Advancing wildfire response planning
BY ALEXIS NEUKIRCH, DAVID CALKIN, CHRISTOPHER O’CONNOR, MATTHEW THOMPSON, CHRISTOPHER DUNN AND MICHAEL CAGGIANO
A team of fire managers developing PODs, potential wildfire operational delineations, on the Arapaho Roosevelt National Forest in February 2018.
Photo by Matt Thompson
PODs, potential wildfire operational delineations, give land managers, fire managers, partnering agencies, and at-risk communities a structured framework for developing landscape-scale wildfire response options before wildfires ignite.
“PODs are a great example of Forest Service research meeting the on-the-ground needs of the agency and the nation,” said Vicki Christiansen, USDA Forest Service chief, as she kicked off the virtual PODs Collaborative Fire Planning Workshop on Feb. 24.
“As a science-based agency and a learning organization, we are using PODs to integrate our best knowledge about fire management and the ability to collaboratively plan,” Christiansen said.
More than 450 land managers, planners, fire responders, scientists, and consultants participated in the two-day workshop hosted by the USDA Forest Service Rocky Mountain Research Station’s Wildfire Risk Management Science team and its partners at Oregon State University and Colorado Forest Restoration Institute.

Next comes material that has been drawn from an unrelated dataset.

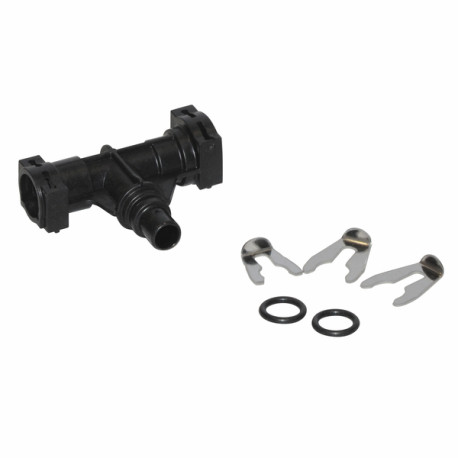 Raccordo a t - CHAFFOTEAUX : 65117410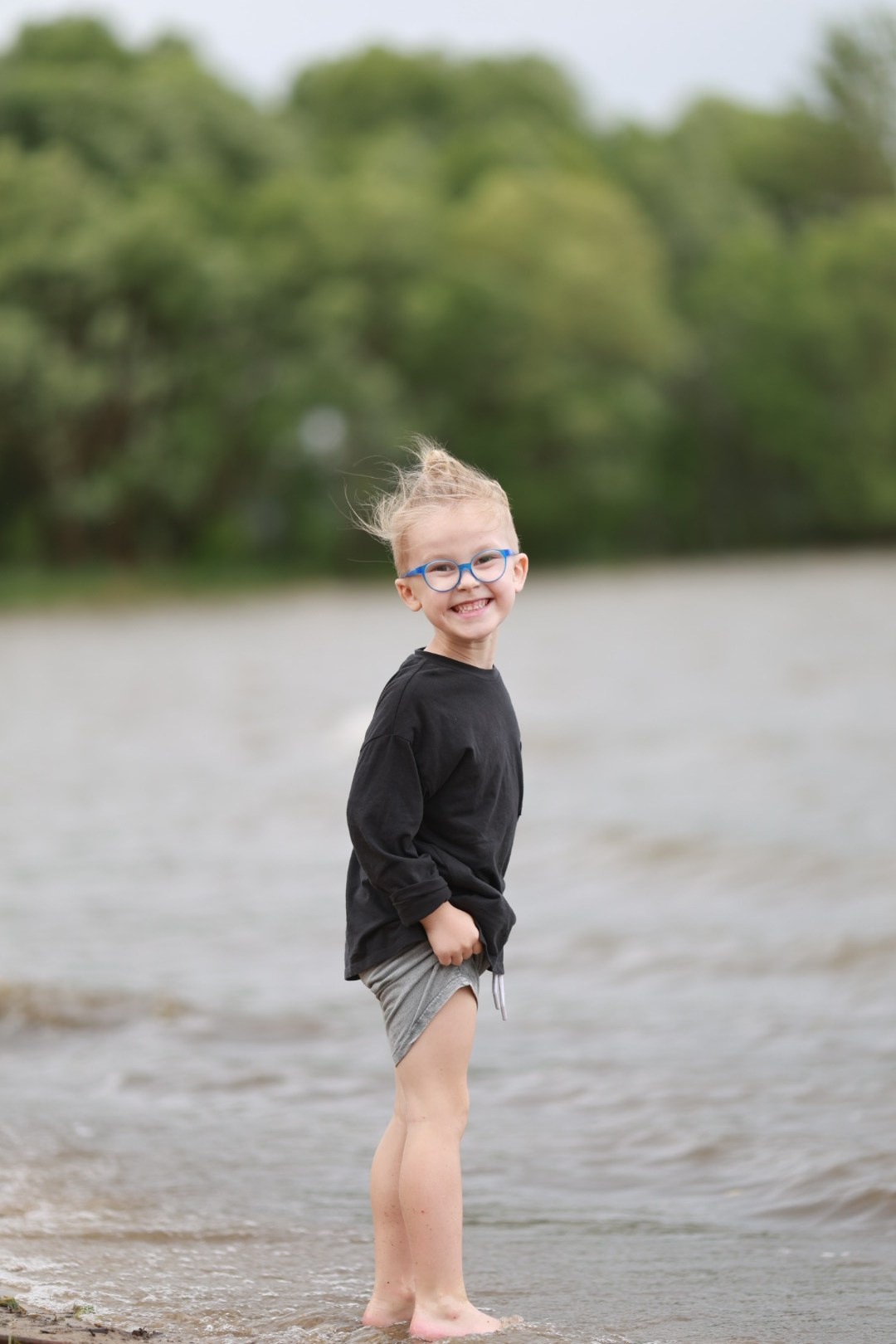 Семейные. Семейный и детский фотограф Беспалова Анна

The workshop featured case studies presented by a diverse panel of speakers, presentations of challenges facing PODs implementation and use, and five breakout sessions for closer engagement.
Responding to wildland fire requires partnerships. As of the spring of 2021, 43 national forests across the United States have used the PODs framework together with their fire manager counterparts at other federal, state, county, and local agencies.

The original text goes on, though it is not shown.